Records excerpted from a collection:

+++

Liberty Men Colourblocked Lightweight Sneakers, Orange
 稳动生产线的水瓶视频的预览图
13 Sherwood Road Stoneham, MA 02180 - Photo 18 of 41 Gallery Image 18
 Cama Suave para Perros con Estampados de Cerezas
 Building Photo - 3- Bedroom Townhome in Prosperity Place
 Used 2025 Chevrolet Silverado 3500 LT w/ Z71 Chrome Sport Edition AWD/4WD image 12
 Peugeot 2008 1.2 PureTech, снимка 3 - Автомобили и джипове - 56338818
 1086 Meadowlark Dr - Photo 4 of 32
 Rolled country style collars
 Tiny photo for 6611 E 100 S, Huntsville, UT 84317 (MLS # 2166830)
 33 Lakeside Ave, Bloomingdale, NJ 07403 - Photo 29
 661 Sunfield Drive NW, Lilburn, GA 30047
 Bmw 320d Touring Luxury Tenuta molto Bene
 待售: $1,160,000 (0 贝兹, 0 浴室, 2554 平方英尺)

+++

THE TASK
Output all records exactly, with nothing added or dropped.

ANSWER SPACE
Liberty Men Colourblocked Lightweight Sneakers, Orange
 稳动生产线的水瓶视频的预览图
13 Sherwood Road Stoneham, MA 02180 - Photo 18 of 41 Gallery Image 18
 Cama Suave para Perros con Estampados de Cerezas
 Building Photo - 3- Bedroom Townhome in Prosperity Place
 Used 2025 Chevrolet Silverado 3500 LT w/ Z71 Chrome Sport Edition AWD/4WD image 12
 Peugeot 2008 1.2 PureTech, снимка 3 - Автомобили и джипове - 56338818
 1086 Meadowlark Dr - Photo 4 of 32
 Rolled country style collars
 Tiny photo for 6611 E 100 S, Huntsville, UT 84317 (MLS # 2166830)
 33 Lakeside Ave, Bloomingdale, NJ 07403 - Photo 29
 661 Sunfield Drive NW, Lilburn, GA 30047
 Bmw 320d Touring Luxury Tenuta molto Bene
 待售: $1,160,000 (0 贝兹, 0 浴室, 2554 平方英尺)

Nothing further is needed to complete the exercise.